Surrender or Starve, my first book, also formed the basis for my first articles in The Atlantic Monthly, a magazine with which I have been associated for nearly two decades. The manuscript was completed in the summer of 1987 and published by Westview Press in the fall of 1988, before going out of print in 1994. Though it is a story of the Horn of Africa during the Cold War, it is relevant for understanding the region today, especially in light of the War on Terror. At the end of 2002, I returned to the Horn in order to write a postscript for the original manuscript.

In the mid 1980s, when I reported on and traveled in Sudan, Eritrea, Somalia, and Ethiopia, a famine of biblical proportions engulfed the region. The world media attributed the famine exclusively to drought—an act of God, for which Africans bore no responsibility: thus they were only victims. My realization that the famine was partly a factor of ethnic and class conflict, deliberately perpetrated by a Marxist Ethiopian government, much like the famine that Stalin had inflicted on the Ukraine in the 1930s, impelled me to write this book. In the 1980s, the nineteenth-century Ethiopian empire of the Amharas was cracking up, and the Amhara regime, fortified by Marxist ideology, was using famine as a means to pressure the rebellious Tigreans and Eritreans into submission. These divisions have still not been healed. Between 1998 and 2000, Ethiopia and Eritrea fought a full-scale war in which hundreds of thousands of people were displaced and tens of thousands killed. Tensions persist up through the present; as does the threat, yet again, of massive starvation.
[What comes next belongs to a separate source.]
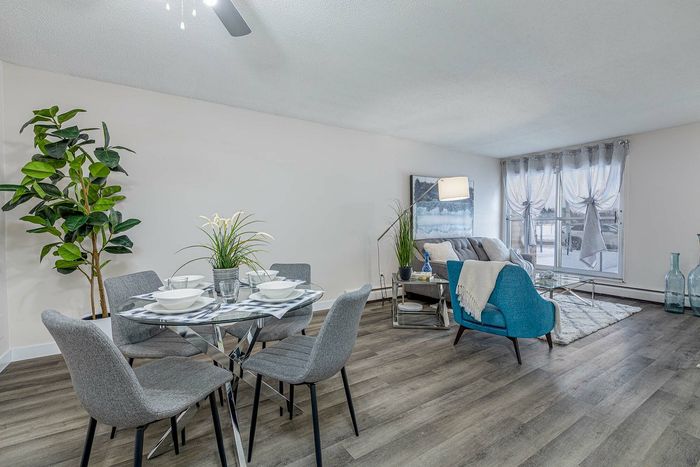 Bright, modern apartment with an open-concept living and dining area, featuring elegant decor, stylish furnishings, and large windows.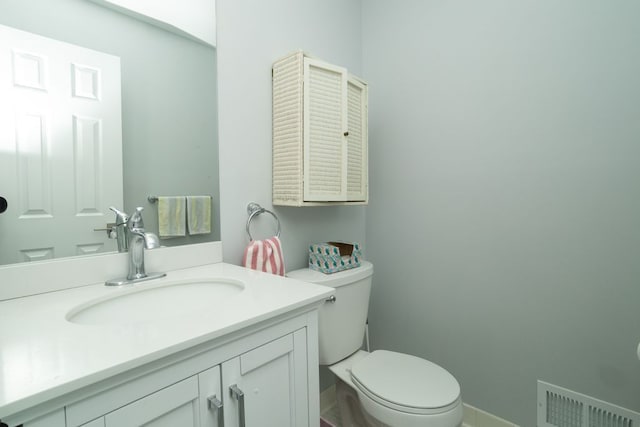 bathroom featuring toilet, visible vents, and vanity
Sudan, meanwhile, was undergoing its own rebellions in the mid 1980s, with southern Christians pitted against northern Moslems, much like today. The famine there was also not merely the result of drought: it was partly a consequence of the neglect with which the Arabs of Khartoum treated the non-Arab and non-Moslem parts of that vast country.

These issues—and the Cold War background to them—have recently been magnified in importance. U.S. military bases in Saudi Arabia have been under increasing restrictions, and in any case may not have a bright future. Therefore, the United States will have increasing need of bases and basing rights in countries close to the Middle East, especially in light of the large numbers of al-Qaeda terrorists in Yemen, directly across the Bab al Mandeb Strait from the Horn of Africa.
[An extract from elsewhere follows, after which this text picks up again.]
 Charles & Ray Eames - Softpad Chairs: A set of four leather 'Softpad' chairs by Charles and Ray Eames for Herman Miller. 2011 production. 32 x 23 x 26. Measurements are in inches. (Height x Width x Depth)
Not only have the U.S. Marines and Army Special Forces set up a basing platform in Djibouti, but the U.S. military may at some point extend its presence to neighboring Eritrea, whose friendly regime and port facilities at Massawa and Assab could make it strategically useful in the War on Terror for years to come.
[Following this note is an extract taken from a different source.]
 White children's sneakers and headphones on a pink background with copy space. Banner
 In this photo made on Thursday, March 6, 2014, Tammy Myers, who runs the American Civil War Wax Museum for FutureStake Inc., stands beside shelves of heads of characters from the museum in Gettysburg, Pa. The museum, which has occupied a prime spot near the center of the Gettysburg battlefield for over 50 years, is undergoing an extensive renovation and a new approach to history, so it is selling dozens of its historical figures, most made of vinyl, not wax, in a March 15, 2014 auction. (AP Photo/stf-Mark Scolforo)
Eritrea, whose guerrilla society is the central subject of this book, fought a three-decade-long war with Ethiopia from 1961 to 1991, which resumed briefly, as I have mentioned, at the end of the 1990s. Along with the Viet Cong and the Afghan mujahidin, the Eritreans were among the most formidable unconventional warriors of the twentieth century. When I wrote about them for this book, and for a lengthy profile published in the July 1988 edition of The Atlantic Monthly, they were seen in Washington and Jerusalem as hostile to Western and Israeli interests. I made the point that their particular characteristics as a unique guerrilla culture would ultimately make them allies of both the United States and Israel. In the case of Israel, my analysis was borne out by the early 1990s, and could yet be borne out in the case of the United States.

The same guerrillas whom I profiled in this book now form the government of Eritrea. It is the same monastic sense of isolation from—and suspicion of—their neighbors, which I first observed nearly two decades ago, that makes the Eritreans value an expanding relationship with the Americans and the Israelis. Finally, and tangential to these other issues, is the whole question of realism versus idealism in foreign policy. The Cold War history of the Horn of Africa, especially in the late 1970s—as I explain in these pages—shows how idealism shorn of any element of realism is immoral. In the Horn, it was the Ford Administration’s policies that held out at least a small hope for minimizing human suffering. And it was the idealistic, yet naïve, approach of Jimmy Carter’s State Department that contributed to a situation in which hundreds of thousands of people would later be killed.